Application of a novel method for phosphorus determinations in the oligotrophic North Pacific Ocean
Limnol. Oceanogr., 43(7), 1998, 1565-1577 | DOI: 10.4319/lo.19220.127.116.115
ABSTRACT: Phosphorus (P) is an essential macronutrient and is present in seawater as both dissolved inorganic (primarily orthophosphate, Pi) and organic compounds. Current analytical techniques measure soluble reactive phosphorus (SRP) as a surrogate for Pi and soluble nonreactive phosphorus as a surrogate for dissolved organic phosphorus (DOP). A new method provides a measure of Pi concentrations directly and eliminates interference from other reactive P compounds. The same method can also be used to make direct measurements of non-Pi phosphorus (NPiP) concentrations (i.e., [total dissolved P] - [Pi]) with greater precision and accuracy limits than current methods provide.
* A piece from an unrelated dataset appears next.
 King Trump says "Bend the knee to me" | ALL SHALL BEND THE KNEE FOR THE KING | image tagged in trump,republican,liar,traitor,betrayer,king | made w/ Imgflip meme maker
With this new method, Pi concentrations in North Pacific surface waters were found to be lower, by up to 50% or more, than SRP concentrations measured with standard autoanalyzer techniques. Mean (±SD) N-PiP concentrations in the deep (> 1,000 m) North Pacific were determined to be 16.2 ± 12.5 nM. These results have significant implications for turnover and residence times of dissolved P pools and for utilization of DOP in the deep sea. This new method for Pi and N-PiP measurements has numerous potential applications in marine and freshwater research.